- **REQUIREMENT**
Filter the entries below, keeping only lines with the word "puppy".

START PROVIDED RECORDS

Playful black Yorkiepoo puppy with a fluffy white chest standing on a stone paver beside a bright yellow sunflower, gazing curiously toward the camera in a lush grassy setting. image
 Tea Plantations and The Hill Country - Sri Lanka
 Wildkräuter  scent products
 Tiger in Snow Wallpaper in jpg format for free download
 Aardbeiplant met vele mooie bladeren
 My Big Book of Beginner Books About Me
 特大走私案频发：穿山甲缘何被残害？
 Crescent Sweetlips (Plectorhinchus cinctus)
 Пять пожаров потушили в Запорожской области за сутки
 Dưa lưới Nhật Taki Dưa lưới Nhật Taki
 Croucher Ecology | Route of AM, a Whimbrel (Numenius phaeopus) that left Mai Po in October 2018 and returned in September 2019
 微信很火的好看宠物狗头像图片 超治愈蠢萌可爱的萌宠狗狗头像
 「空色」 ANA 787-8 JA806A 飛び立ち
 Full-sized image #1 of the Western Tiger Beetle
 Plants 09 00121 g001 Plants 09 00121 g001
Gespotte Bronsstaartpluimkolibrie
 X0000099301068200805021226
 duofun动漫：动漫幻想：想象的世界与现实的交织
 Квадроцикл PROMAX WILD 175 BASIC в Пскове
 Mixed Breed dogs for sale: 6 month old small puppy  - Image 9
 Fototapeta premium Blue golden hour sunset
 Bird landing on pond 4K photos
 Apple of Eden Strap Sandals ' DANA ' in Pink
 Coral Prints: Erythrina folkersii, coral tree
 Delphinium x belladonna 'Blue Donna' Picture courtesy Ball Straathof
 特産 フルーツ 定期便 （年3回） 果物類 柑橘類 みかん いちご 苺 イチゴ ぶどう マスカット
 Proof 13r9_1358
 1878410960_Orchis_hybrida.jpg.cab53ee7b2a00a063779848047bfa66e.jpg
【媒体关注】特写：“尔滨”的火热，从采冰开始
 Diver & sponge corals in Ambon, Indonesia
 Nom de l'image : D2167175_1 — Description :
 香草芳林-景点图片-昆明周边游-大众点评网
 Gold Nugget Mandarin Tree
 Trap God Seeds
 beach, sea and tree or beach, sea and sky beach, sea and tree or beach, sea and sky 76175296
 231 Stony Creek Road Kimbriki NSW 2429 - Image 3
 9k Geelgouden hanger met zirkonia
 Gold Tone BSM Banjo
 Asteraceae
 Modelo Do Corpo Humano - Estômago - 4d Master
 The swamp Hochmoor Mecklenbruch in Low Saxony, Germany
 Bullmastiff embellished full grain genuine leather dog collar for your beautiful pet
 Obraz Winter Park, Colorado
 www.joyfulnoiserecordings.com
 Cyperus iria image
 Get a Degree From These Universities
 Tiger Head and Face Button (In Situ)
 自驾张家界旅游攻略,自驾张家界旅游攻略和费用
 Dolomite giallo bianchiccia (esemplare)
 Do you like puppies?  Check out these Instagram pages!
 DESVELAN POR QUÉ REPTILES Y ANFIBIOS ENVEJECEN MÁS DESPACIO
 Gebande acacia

END PROVIDED RECORDS

- **SOLUTION BELOW**
Playful black Yorkiepoo puppy with a fluffy white chest standing on a stone paver beside a bright yellow sunflower, gazing curiously toward the camera in a lush grassy setting. image
 Mixed Breed dogs for sale: 6 month old small puppy  - Image 9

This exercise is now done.